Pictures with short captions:

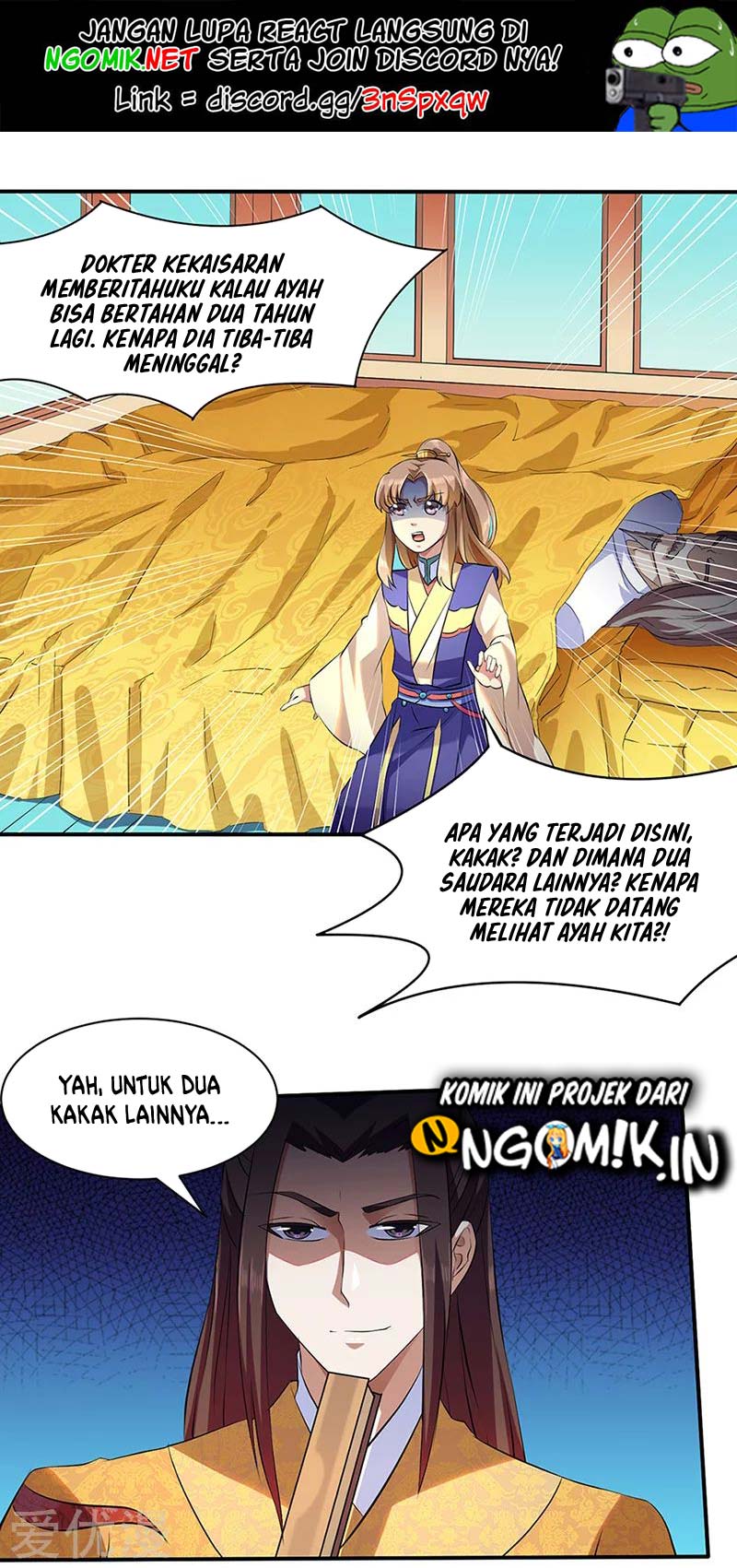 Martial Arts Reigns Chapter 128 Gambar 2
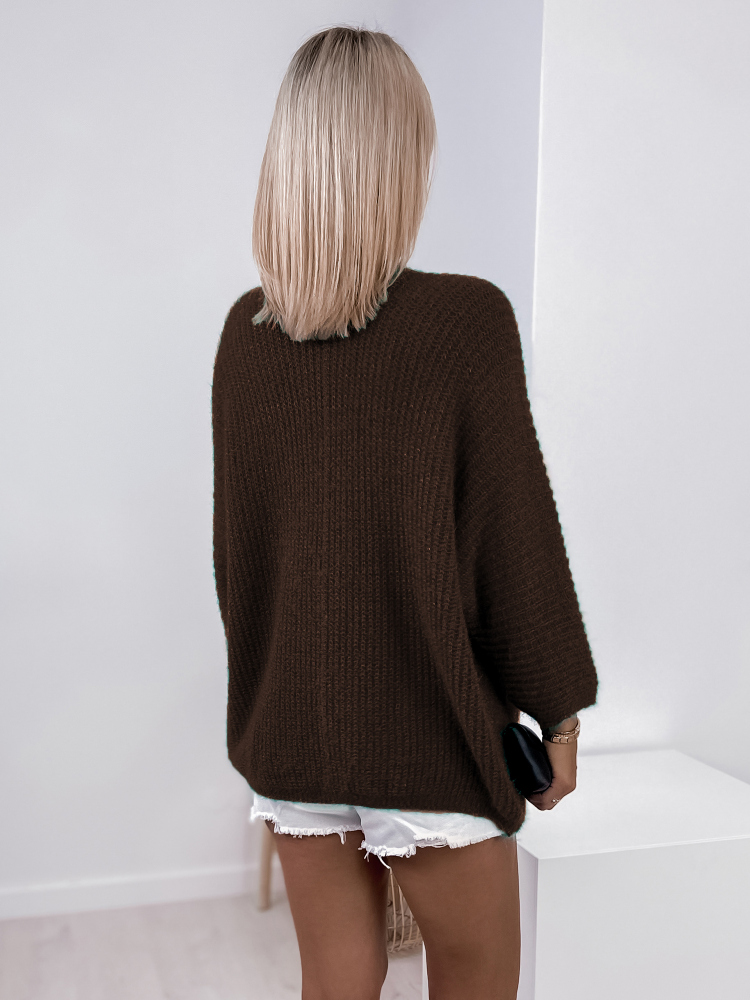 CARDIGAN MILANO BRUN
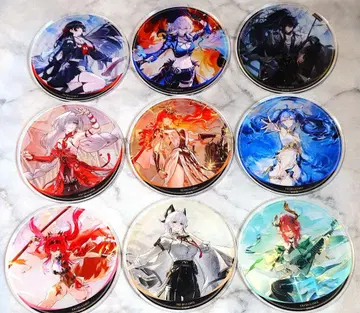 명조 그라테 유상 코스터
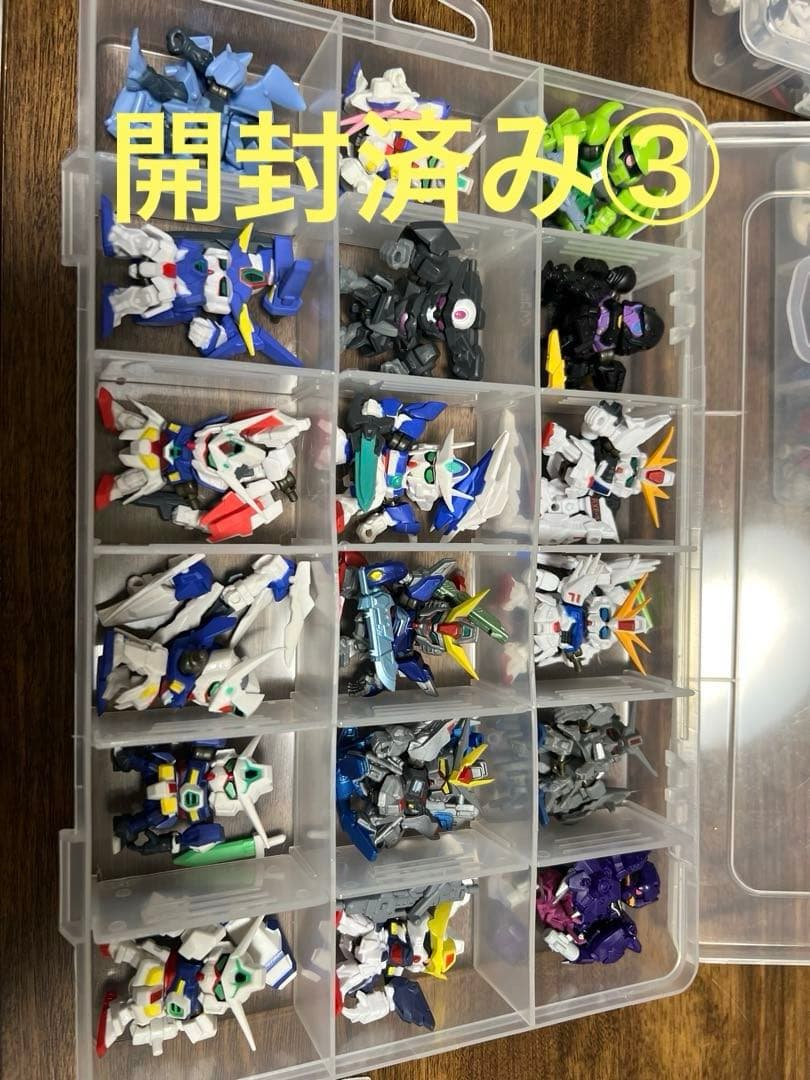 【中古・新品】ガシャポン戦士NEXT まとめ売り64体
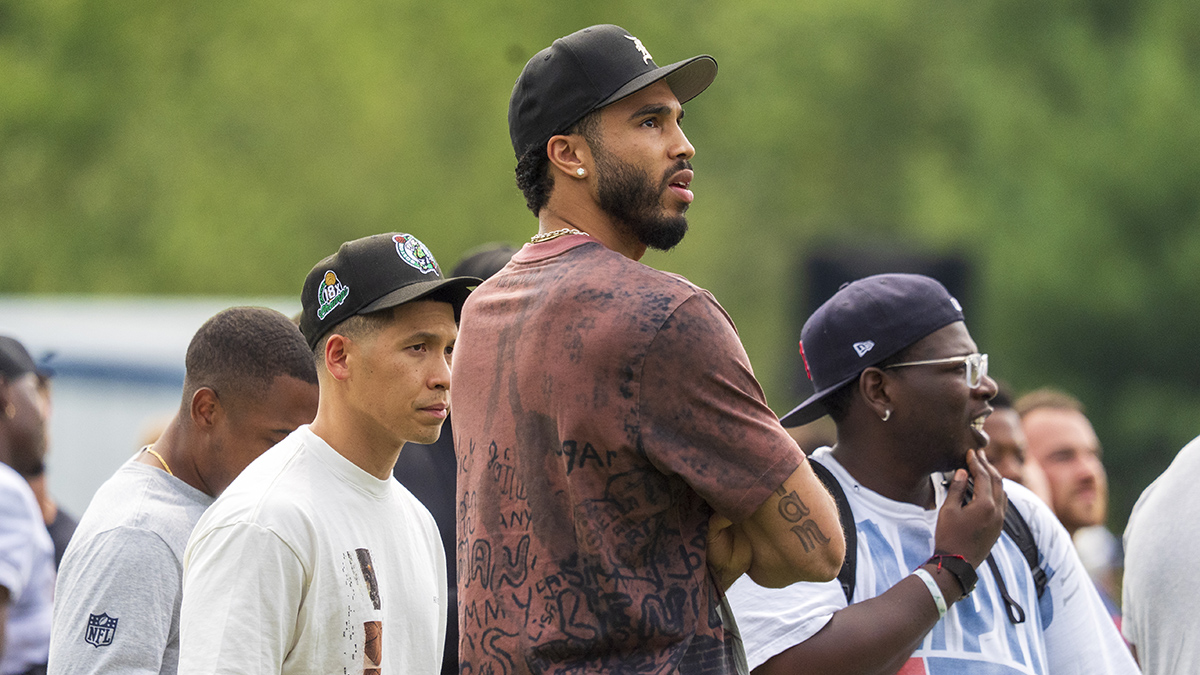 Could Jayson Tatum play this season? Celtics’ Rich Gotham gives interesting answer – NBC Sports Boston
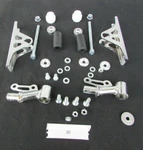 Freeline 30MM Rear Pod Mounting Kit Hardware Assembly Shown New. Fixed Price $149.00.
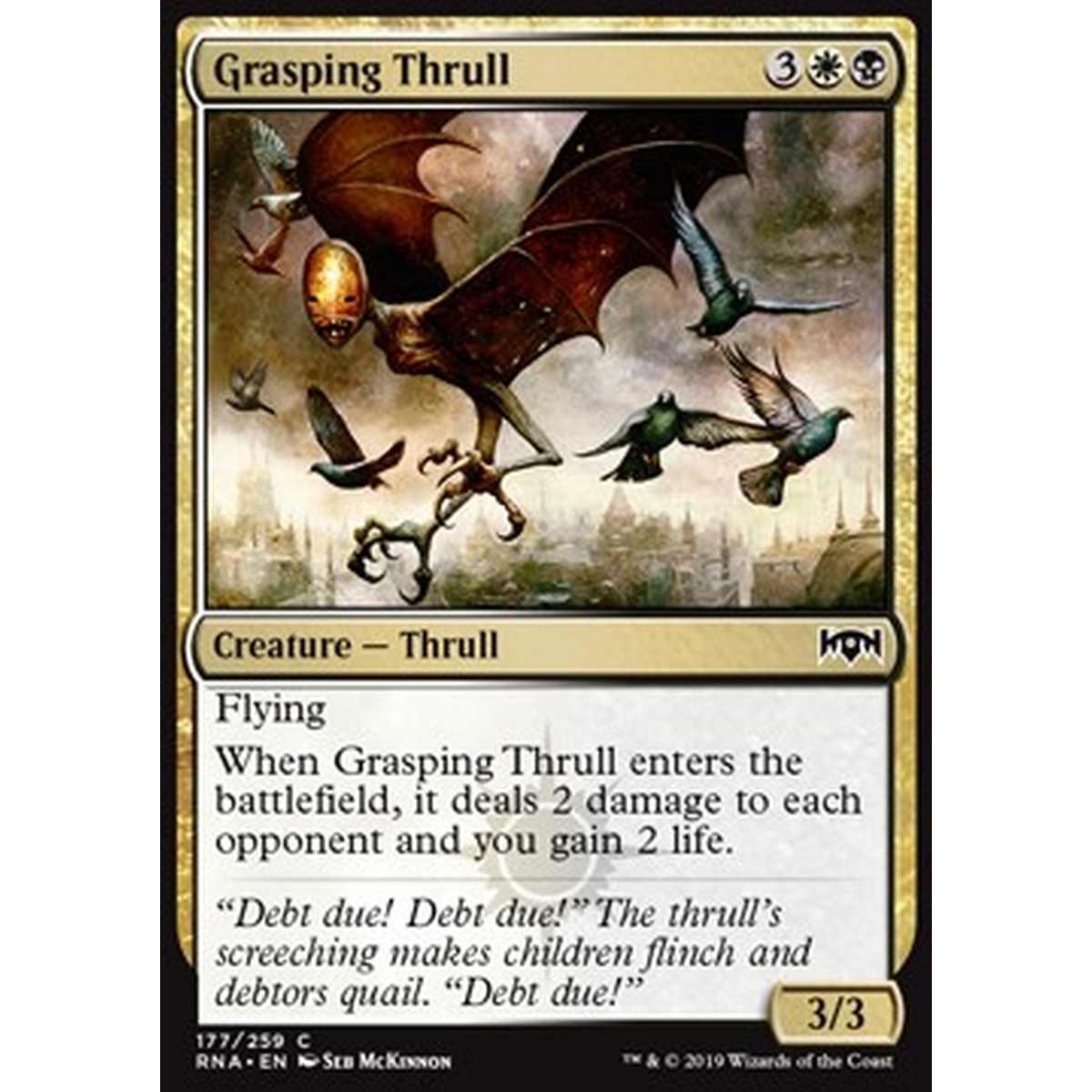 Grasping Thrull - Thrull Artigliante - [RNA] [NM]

» **THE TASK**: Each entry must be set down word for word; no image may be carried over.

» **REPLY TO THE TASK**:
 Martial Arts Reigns Chapter 128 Gambar 2
 CARDIGAN MILANO BRUN
 명조 그라테 유상 코스터
 【中古・新品】ガシャポン戦士NEXT まとめ売り64体
 Could Jayson Tatum play this season? Celtics’ Rich Gotham gives interesting answer – NBC Sports Boston
 Freeline 30MM Rear Pod Mounting Kit Hardware Assembly Shown New. Fixed Price $149.00.
 Grasping Thrull - Thrull Artigliante - [RNA] [NM]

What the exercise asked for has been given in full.